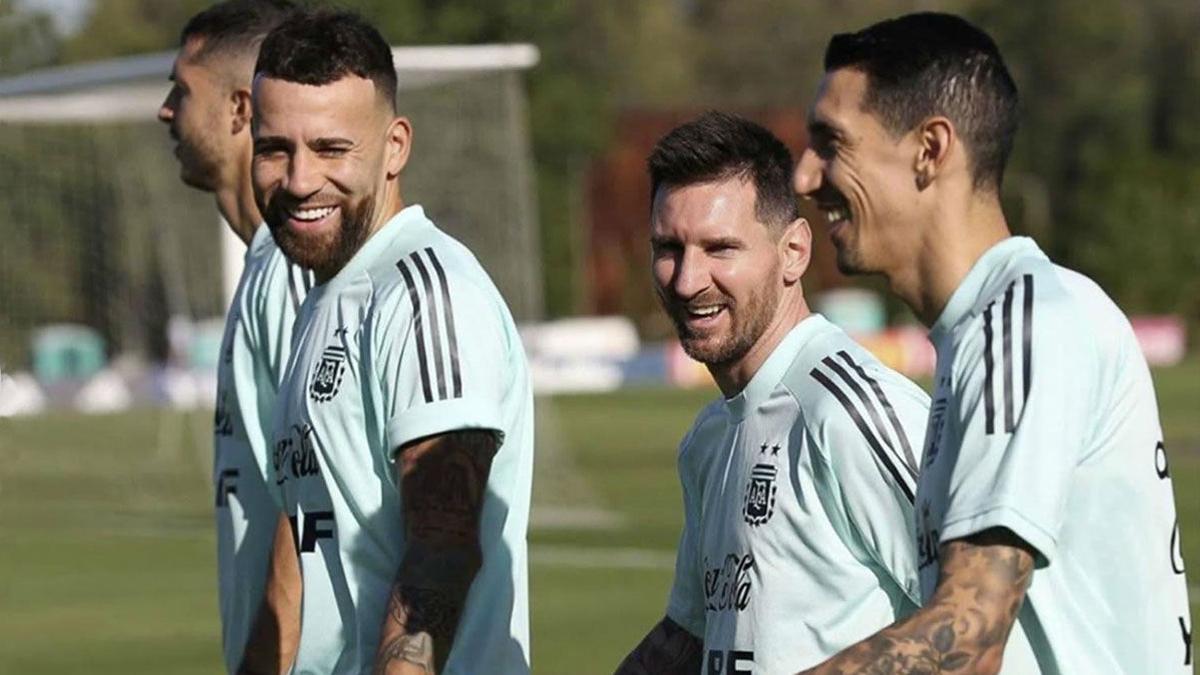Scaloni: "Messi está para jugar los dos partidos"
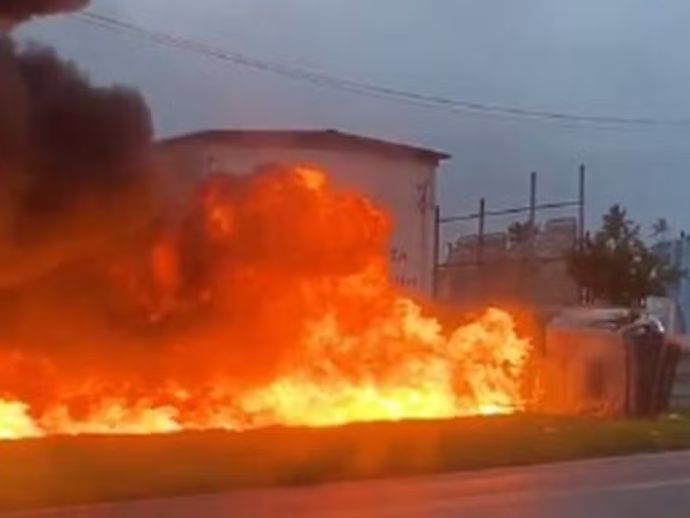 Carreta-tanque pega fogo na BR-101 em Igarassu e interdita pista sentido Jo&atilde;o Pessoa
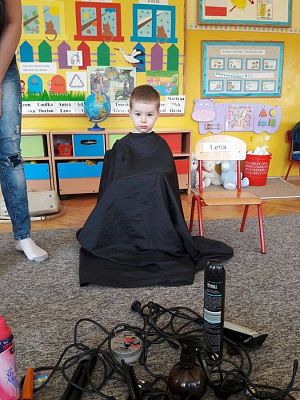 Grafika #33: 20.04.2017 Gr.I - Poznajemy zawody naszych rodziców - "Zawód fryzjerka"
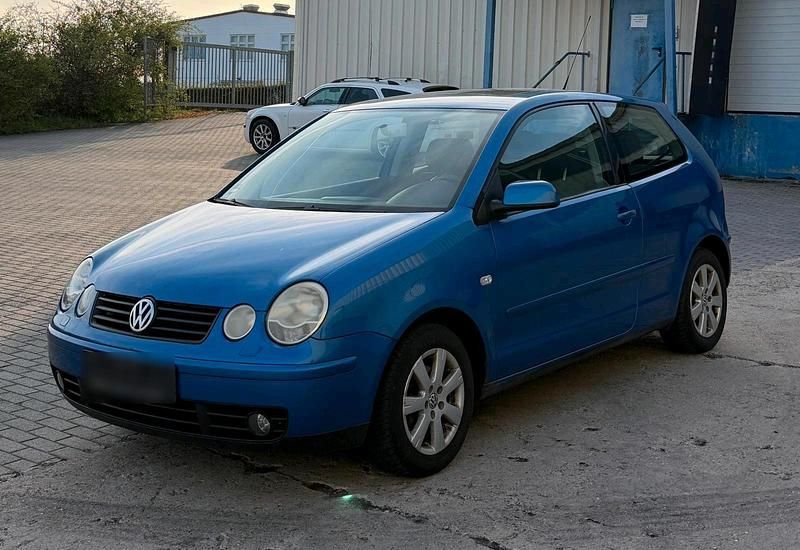 Second-hand VW Polo 101 CP (74 kW) 2002 Albastru Hatchback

▶ **Task brief**
All the material shown above is to be copied exactly, with no pictures carried over.

▶ **Problem solution**
Scaloni: "Messi está para jugar los dos partidos"
 Carreta-tanque pega fogo na BR-101 em Igarassu e interdita pista sentido Jo&atilde;o Pessoa
 Grafika #33: 20.04.2017 Gr.I - Poznajemy zawody naszych rodziców - "Zawód fryzjerka"
 Second-hand VW Polo 101 CP (74 kW) 2002 Albastru Hatchback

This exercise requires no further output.